I'm looking for any and all input!

My South AmerAfricAsian Biotope

*Equipment List*
Oceanic Rimless 57 Gallon "breeder" 36x18x21
Aqueon Stand with a 6" raiser
Catalina Aquariums 36" 4 bulb custom fixture (Set up to allow 1,2,3,or all 4 lights on)
-will be adding LED blue strip to it for neato-nightime effect!
Sunsun canister filter-370gph with UV light
300watt Hydor In-line Heater
GreenLeaf GLA Co2 regulator
65mm Atomic Diffuser
10# Co2 tank

*Aquascape*
3x big bags of Amazonia AS I
Manzanita branches and roots (too many to fit in tank!)
"Emerald Bay Boulder" Rock from local rockery
-Still not sure I can use it. Any Geologists who can help?:icon_lol:

*Planned Flora*
Lots of Vallisneria Spiralis and Nana *Maybe Cyperus Helferi- Asian, but looks similar and grows slower*
Several Swords of medium to large size
Lots of Micro Swords for the patchy, grassy effect.
*maybe* Anubias Nana on manzanita
*maybe* Java Fern on manzanita
*maybe* Fissidens Fontanus or Riccia Fluitans on Manzanita
Some other South American native plants...

*Planned Fauna*
2-4 German Blue Rams (few months post-maturity)
15-20 Cardinal Tetras/ Neon Tetras
1 Neon Dwarf Gourami (currently in small tank)
10 Algae Shrimp/Amanos?
*maybe* several Galaxy Rasboras
*maybe* a few Endlers LB's


Currently, I'm waiting on few last bits and pieces from Orlando @ Green Leaf and then it's build time!

I'll post some pics of what I have and what I've done. I don't have any pics of my lamp set up from Catalina but I'll get a few.

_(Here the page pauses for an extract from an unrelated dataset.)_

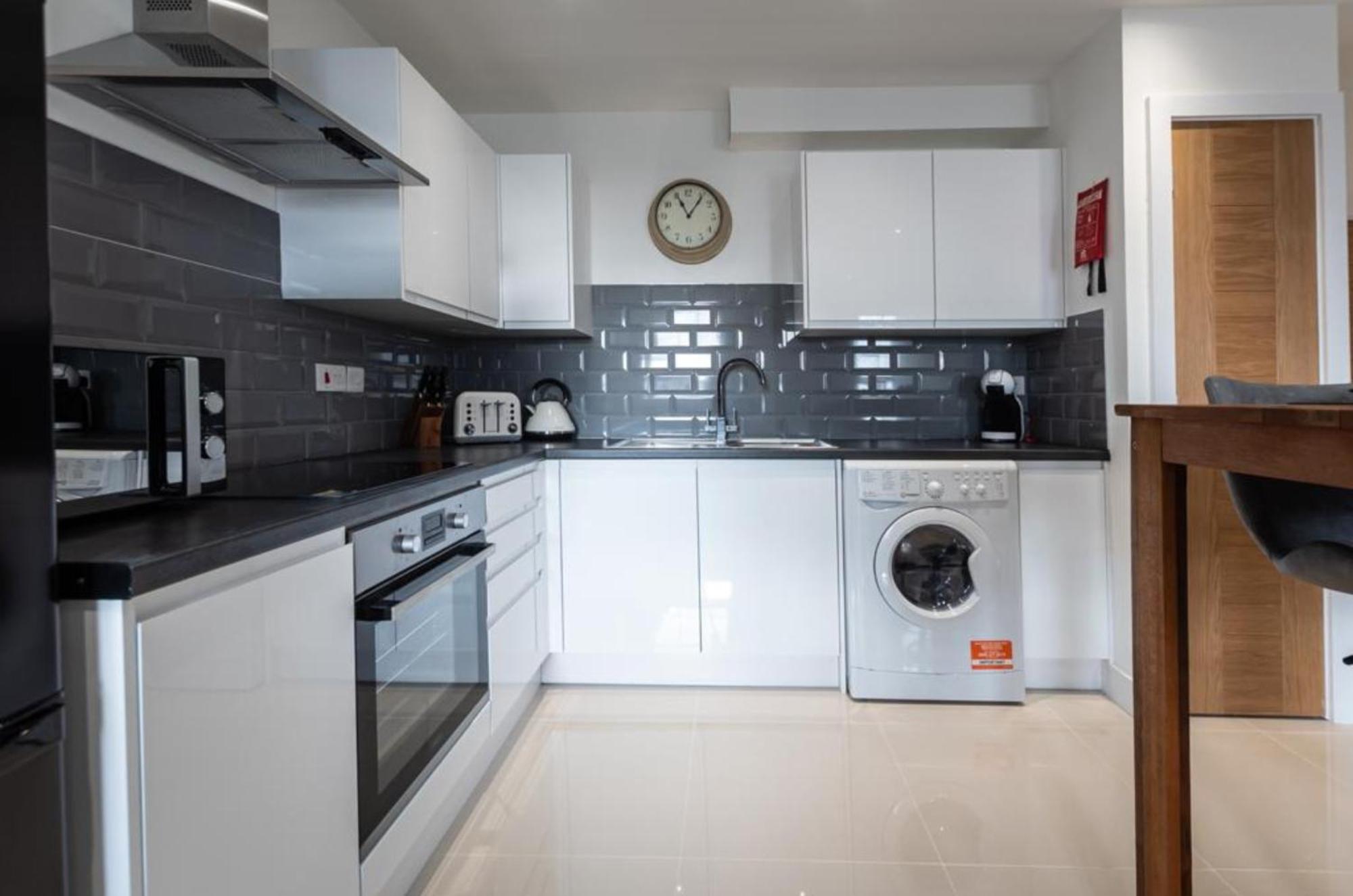 Relaxing Atlantic Mansions By Smart Apartments Short Lets & Serviced Accommodation Apartment Southampton With Free Wifi ภายนอก รูปภาพ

Tank, Stand on riser, and Manza for effect.









The Riser









You get the idea










More to come...
Thanks for reading!


----------



## Powchekny (Jan 25, 2010)

No worries about your stand riser not being sturdy enough 

I think you will capture the pure essence of the South Amerafricasian biotope.


----------



## VaultBoy (Nov 11, 2010)

Sounds like the textbook definition of South Amerafricasian to me cant wait to see more pics


----------



## Gookis (Dec 28, 2010)

Ya, over built it is! The riser weighs more than the stand!:icon_surp

It was my original inspiration to have a South American Biotope. But some of the non- SA items I either already have or I'm possibly not willing to live without.

Anyway, a few more pictures (probably not ones anyone is waiting for:tongue.

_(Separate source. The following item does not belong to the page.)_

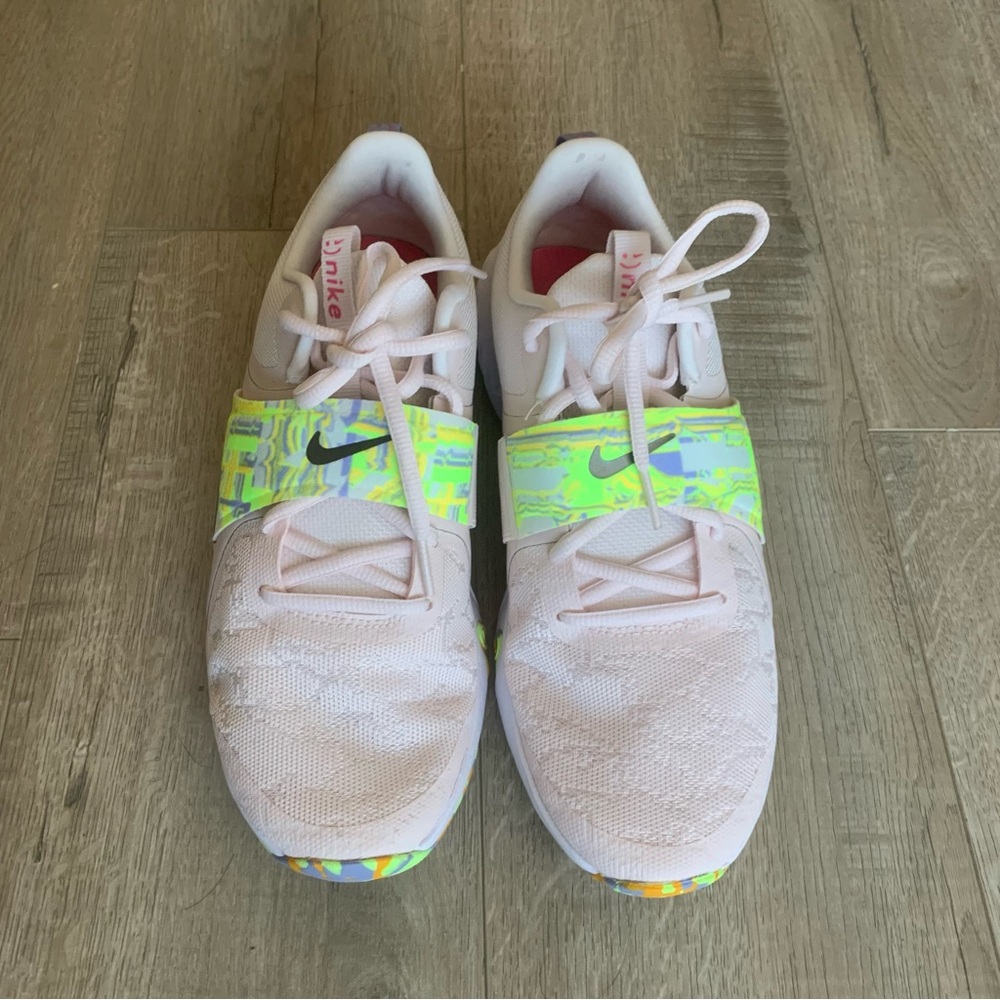 Nike Renew In Season Tr 12 PRM Light Pink Ghost Green Shoes Size: 8.5 New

These are my rocks. I thought they looked great! They're kind of emerald green when wet, but I'm starting to see some rust after they've been wet. :icon_frow Back to the drawing board for rocks.


----------



## chad320 (Mar 7, 2010)

Rust on your rock is a good thing, not bad.


----------



## Pri (Oct 20, 2010)

Googled this : "Amerafricasian" and the ONE and ONLY result is : 

Perfectly Accurate South AmerAfricAsian Biotope! - [ Traduire cette page ]1 message - 1 auteur - Dernier message : Il y a 3 heures
First, I want to say hello to everyone as well as thank you to those who have posted all of the invaluable information that I've been cramming into my.
www.plantedtank.net/.../126132-perfectly-accurate-south-amerafricasian- biotope.html



My planted tank http://www.plantedtank.net/forums/myTanks/2076-Pri.html
My Cichlid tank http://www.plantedtank.net/forums/myTanks/2075-Pri.html
My DIY project Journal http://www.plantedtank.net/forums/t...88-125g-pond-river-waterfall-diy-project.html
My Betta Pico http://www.plantedtank.net/forums/planted-nano-tanks/122780-black-white-planted-pico.html


----------



## Gookis (Dec 28, 2010)

Very cool! Thank you Pri! You completely made my day!:icon_smil You need any Manzanita?

Matt


----------



## Pri (Oct 20, 2010)

You will send me some?


My planted tank http://www.plantedtank.net/forums/myTanks/2076-Pri.html
My Cichlid tank http://www.plantedtank.net/forums/myTanks/2075-Pri.html
My DIY project Journal http://www.plantedtank.net/forums/t...88-125g-pond-river-waterfall-diy-project.html
My Betta Pico http://www.plantedtank.net/forums/planted-nano-tanks/122780-black-white-planted-pico.html


----------



## Gookis (Dec 28, 2010)

chad320 said:


> Rust on your rock is a good thing, not bad.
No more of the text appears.